In your reply, repeat every entry exactly and skip over each picture.

>>

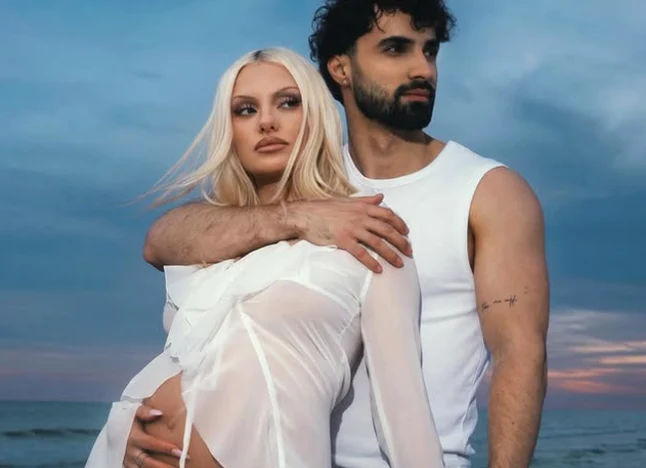 Alexandra Stan / Foto: Instagram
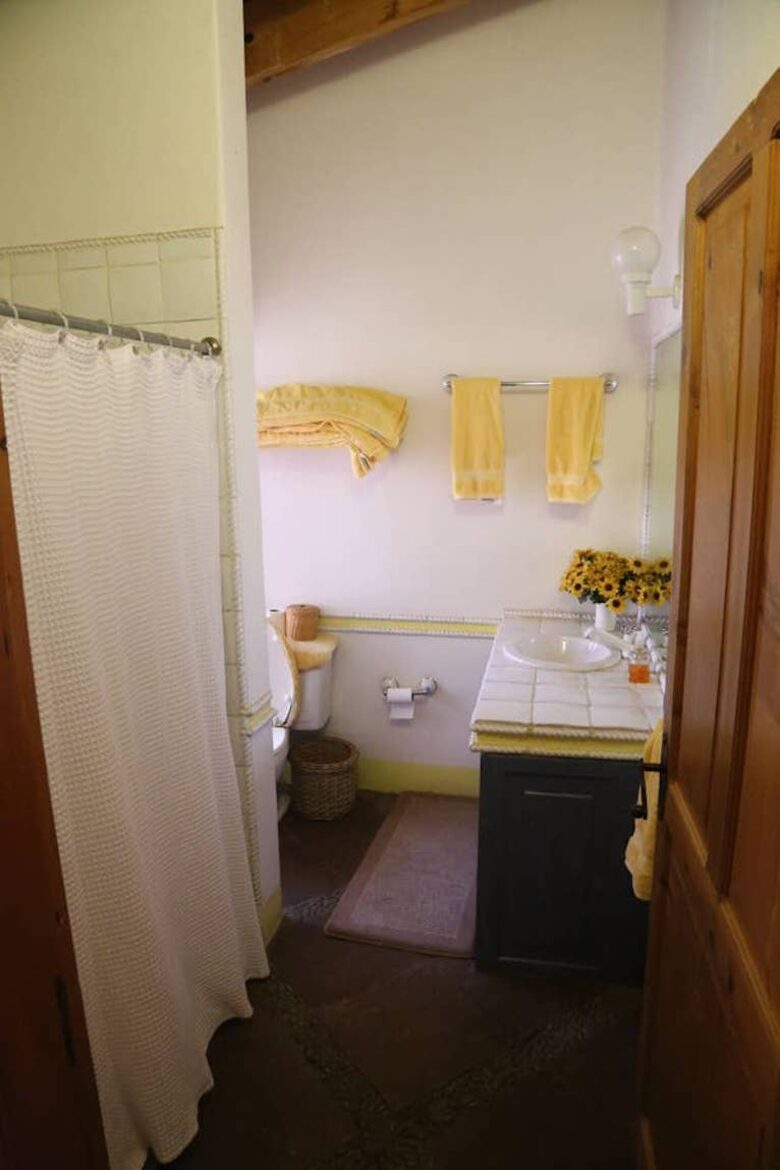 Hacienda San Ambrosio - Chalmita, Municipio de Ocuilan, Mexico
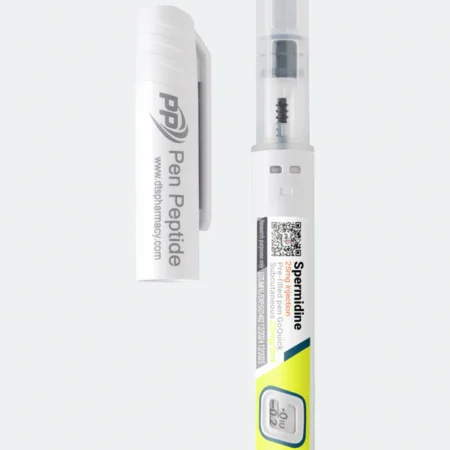 Spermidine Pen | 5mg/2ml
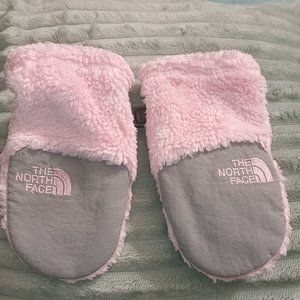 The North Face Toddler Mitt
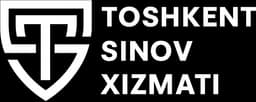 Toshkent Sinov Xizmati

<<

* **Written reply**
 Alexandra Stan / Foto: Instagram
 Hacienda San Ambrosio - Chalmita, Municipio de Ocuilan, Mexico
 Spermidine Pen | 5mg/2ml
 The North Face Toddler Mitt
 Toshkent Sinov Xizmati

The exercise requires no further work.